Profit per customer higher? Probably yes in Scores (price hikes continue at slower rates), maybe in Software (depends on platform consolidation success), but the blended number could be lower if Software grows faster than Scores because Software margins are structurally lower.

Moat wider? No, narrower. The bi-score regime is the single biggest fact and it will erode mortgage Scores share over a decade. The Software moat is real but narrow. Net: moat at 80th percentile in 2036 versus 95th percentile today.

Single biggest threat? Coordinated regulatory pricing pressure on consumer-facing scoring fees, combined with VantageScore mortgage uptake in the 25-50% range. Secondary: AI-native bespoke scoring at the largest lenders, who eventually internalize what they buy from FICO.

The math 10 years out. If owner earnings compound at 8-10% annually (reasonable mid-case given Software offsetting Scores deceleration), 2036 owner earnings are roughly $1.4-1.7B. At a Moody's-rhyme multiple of 25-30x, that is an enterprise value of $35-50B versus today's ~$28B. Equity returns of 4-7% annually plus a couple points of buyback yield on a starting $1,035 entry. Acceptable but not exceptional; below the buyer's required return for a 4x-leveraged single-product franchise.

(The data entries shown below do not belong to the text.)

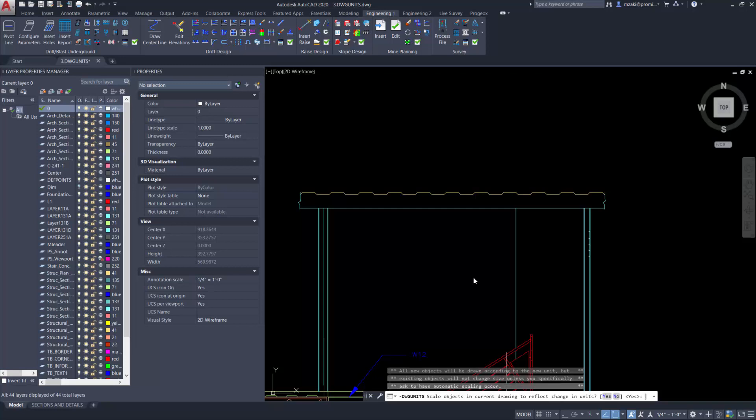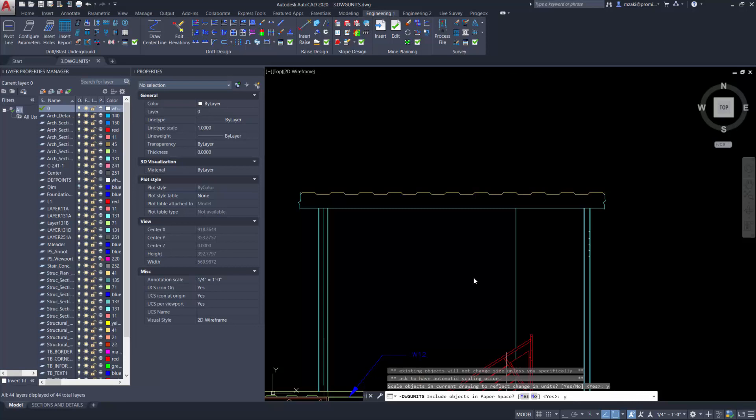And scale objects in current drawing to reflect change in units, yes one more time. And include objects in paper space, we're going to say yes.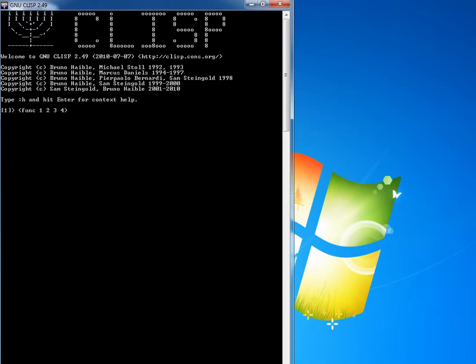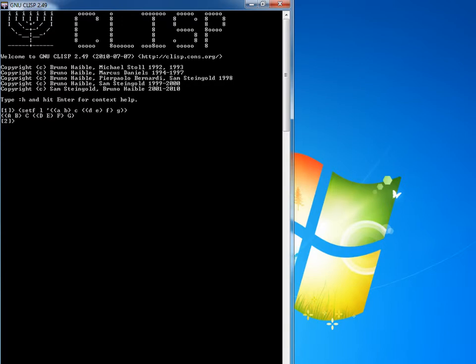Again this tutorial is meant for beginners. So let's just get right into it. We are going to set an identifier to hold a list.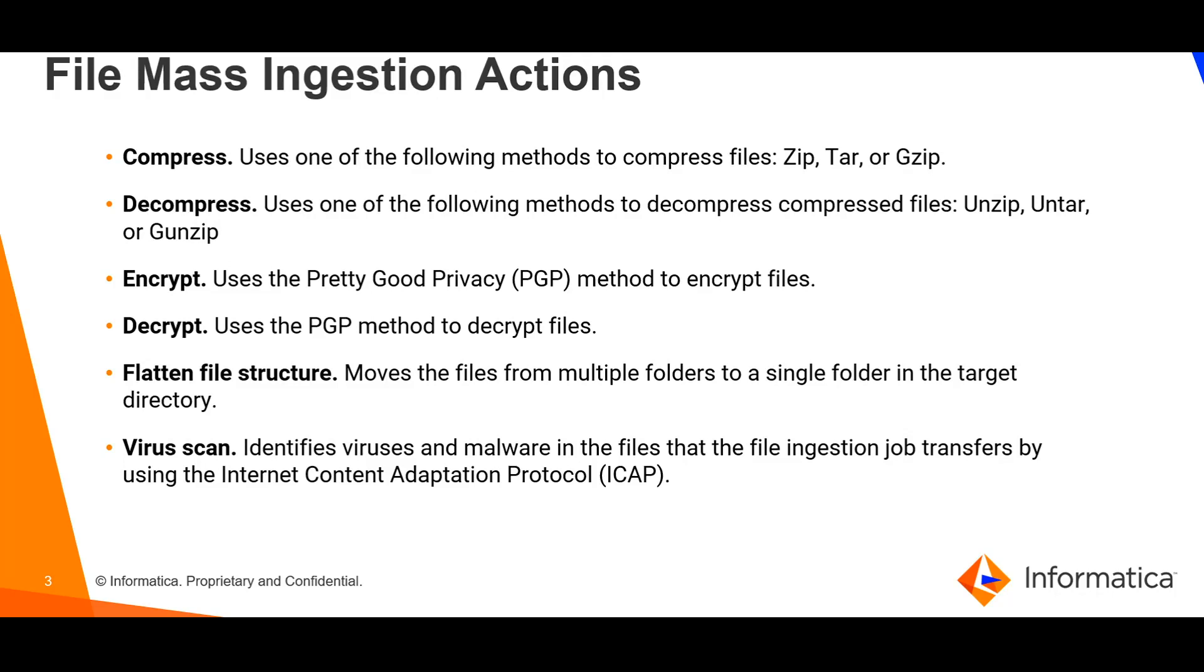The encrypt and decrypt options are used to encrypt files using Pretty Good Privacy (PGP) method and again it will flatten the file structure into the target directory.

The business will still be here. The compounding rate will be lower than the trailing decade. The price you pay matters more than usual.

CONFIDENCE: medium

Position Guidance

  • Recommendation: Hold
  • Conviction: Medium
  • Target buy price: $880 (below IV-low of $906, gives ~25% margin of safety against base IV)
  • Target trim price: $1,480 (just above bull-case IV of $1,478)
  • Position sizing: If initiating below $880, size to 3-5% of portfolio. Maximum 7% even on conviction add. The 4.1x leverage and the active regulatory overhang argue against a larger position regardless of price. Never let it grow above 8% of portfolio through appreciation — trim back into bull-case IV.
  • Watch items: (1) FHFA quarterly disclosures on VantageScore mortgage uptake, (2) FICO mortgage pull pricing announcements, (3) Software ARR growth rate sustaining above 18%, (4) net debt / EBITDA trending toward 3x, (5) any sign management slows buybacks at elevated multiples and lets cash build.